Transmisión y embrague
El embrague funciona correctamente si al cambiar de marcha, no hace ruidos extraños y desliza correctamente.
Sistema eléctrico
Comprueba que el voltaje de la batería es de alrededor de 12,7 con el motor apagado.
Si es inferior, intente conducir durante un rato y vuelva a comprobarlo.
No debe haber corrosión ni daños en las conexiones eléctricas del vehículo.
Frenos y suspensión
Comprueba que los discos y pastillas de freno no estén excesivamente desgastados.

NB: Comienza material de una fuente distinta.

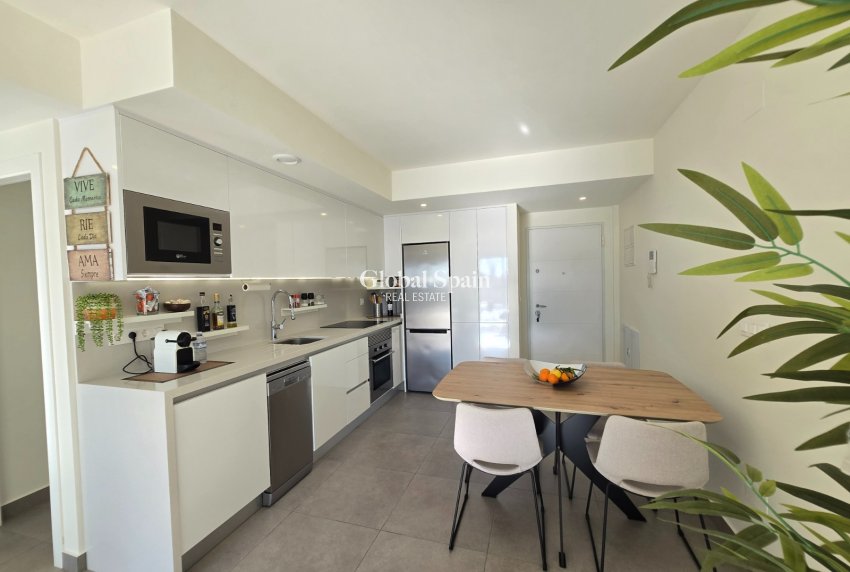 Wederverkoop - APPARTEMENT -
ORIHUELA COSTA - Costa Blanca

Si lo están, deben sustituirse.
Para asegurarse de que la suspensión está en buen estado, compruebe que el vehículo se mantiene nivelado, que todas las esquinas rebotan de la misma manera y que no hay chirridos.
Conducción
Este paso es de vital importancia para detectar posibles daños.
- Mientras conduce, evita escuchar la radio o hablar demasiado, para estar atento a cualquier ruido inusual.

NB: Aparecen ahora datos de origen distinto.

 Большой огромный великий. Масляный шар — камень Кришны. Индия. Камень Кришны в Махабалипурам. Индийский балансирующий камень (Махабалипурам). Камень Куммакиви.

- Si es posible, retira los ambientadores para detectar olores inusuales.
- Presta atención a la vibración del volante, la resistencia al giro y si tiende a desviarse hacia un lado u otro.
- Prueba a conducir por autopista, en ciudad y al dar marcha atrás para aparcar.
- Comprueba el frenado: ¿responde rápidamente o tarda mucho en frenar?
- ¿Se ha encendido alguna luz de emergencia?
- Los pedales deben tener la firmeza adecuada.
Interior del vehículo
Desde el interior, comprueba que todos los botones del panel central funcionan correctamente: intermitentes, parabrisas, limpiaparabrisas, luces de emergencia, radio, aire acondicionado, calefacción, bloqueo y desbloqueo de puertas y maletero, elevalunas eléctricos, guantera, etc.
También debes comprobar que los asientos, los cinturones de seguridad y los anclajes estén en buen estado.
Otros aspectos a comprobar
Además de todo lo anterior, es fundamental comprobar:
- Documentación del vehículo
- Kilometraje
- Número de chasis
- Manual del vehículo
- Juego de llaves
- El propietario puede proporcionar una copia del libro de registro del vehículo, y usted puede comprobar si los datos del vendedor coinciden con los del libro de registro.
- Puede solicitar un informe detallado de todas las reparaciones que se han realizado.
- Si el vehículo tiene Certificado de Conformidad, le servirá para comprobar información técnica, así como, para poder importarlo y matricularlo en Europa.
Conclusión
Comprobar un coche de segunda mano antes de comprarlo es esencial para asegurarse de que está tomando la decisión correcta.
Inspeccionar el estado de un vehículo puede llevar mucho tiempo.
No te precipites y tómate tu tiempo.
Y recuerde que si la oferta del vendedor no se ajusta a la realidad, puede ofrecer un precio más bajo.